Na minha ótica num Estado de Direito deve haver um equilíbrio significativo e adequado entre os direitos fundamentais, e os deveres que cada cidadão tem, sem aviltar a dignidade humana, que é o valor basilar da Carta dos Direitos Fundamentais da União Europeia.
Na ausência de segurança e garantia jurídica dos quadros jurídicos nacionais em matéria de conservação de dados, existe o risco de os órgãos de polícia não conseguirem aceder a provas importantes necessárias para identificar, prevenir, investigar e reprimir crimes – e por isto, como pode o Governo dar como prioridade o investimento em medidas de prevenção?
É irrefutável que a prevenção é o melhor instrumento de combate à violência e à prática de ilícitos, o que significa reduzir as causas que lhe dão origem, atuando ao nível do indivíduo, das suas relações familiares e sociais, da comunidade local e da sociedade em geral.
Ao longo das últimas décadas, foram sendo criados e implementados diversos instrumentos de prevenção, impondo-se, face aos desafios atuais, a adoção de uma visão mais integrada, holística e sistémica, reforçando a sua implementação e potenciando os seus impactos.
Nesta perspetiva, a tutela das Forças de Segurança deu primazia à valorização das funções policiais, designadamente aquelas que implicam uma maior proximidade com o cidadão, no quadro de um modelo de policiamento proativo, no entanto, em consequência da falta de aposta na formação contínua, por via das parcas condições socioeconómicas que os agentes vivem no seu quotidiano, das más condições dos locais de trabalho, e da falta de lideres capazes, nota-se uma enorme frustração e letargia, que leva alguns (num aumento gradual) a abandonar as fileiras, e que retrata e espelha para os jovens uma profissão em nada recompensante, perdendo por isso futuros candidatos.

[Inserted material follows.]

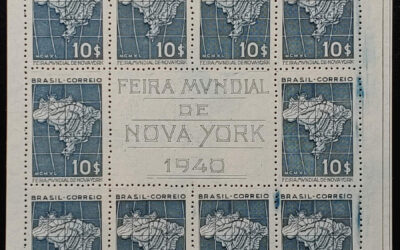 Brazil Never Hinged 1940 New York World’s Fair Sheet (10)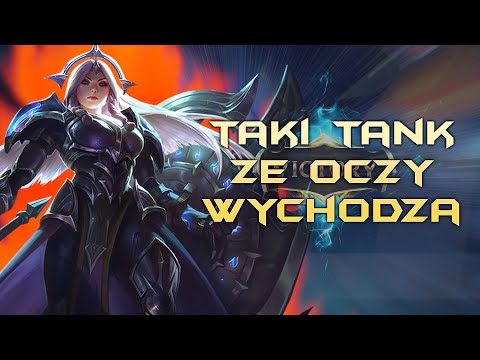 Leona SZALONA! NAJLEPSZY SUP TANK! [ LIGA LEGEND LOL ] League of Legends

A prevenção criminal não pode funcionar somente através de um modelo de policiamento de proximidade, ainda para mais, sem meios humanos disponíveis para essa finalidade, atente-se que hoje em dia só temos patrulhas apeadas (que sempre foram a melhor forma de
policiamento de proximidade com a população) nas capitais (essencialmente realizadas pelas Polícias Municipais), ou no interior do País.
Da teoria redigida pelos Governos à prática/realidade…
Iniciado com o Programa Escola Segura, o policiamento de proximidade envolve hoje largas dezenas de efetivos em ambas as Forças de Segurança, que não são em número suficiente para acompanhar crianças, jovens, idosos e outros cidadãos particularmente vulneráveis, os elementos das Forças de Segurança não são em número suficiente para conseguirem desenvolver as ações de sensibilização e reforçar as relações de confiança com as populações que protegem.
Aliado a estas problemáticas, não podemos postergar a questão da morosidade dos Tribunais, que tendo em conta o próprio conceito de tempo que é complexo, a expressão morosidade acaba por se traduzir, justificado no âmbito do Direito, num “conceito jurídico indeterminado e abstrato”, contudo este atraso tem contribuído para a deslegitimação social da máquina judicial portuguesa, a qual é encarada mais como um obstáculo do que um apoio na defesa de direitos.
Vivemos num País com uma cultura de impunidade, nepotismo e amiguismo, que tem feito de Portugal um país pobre e subdesenvolvido.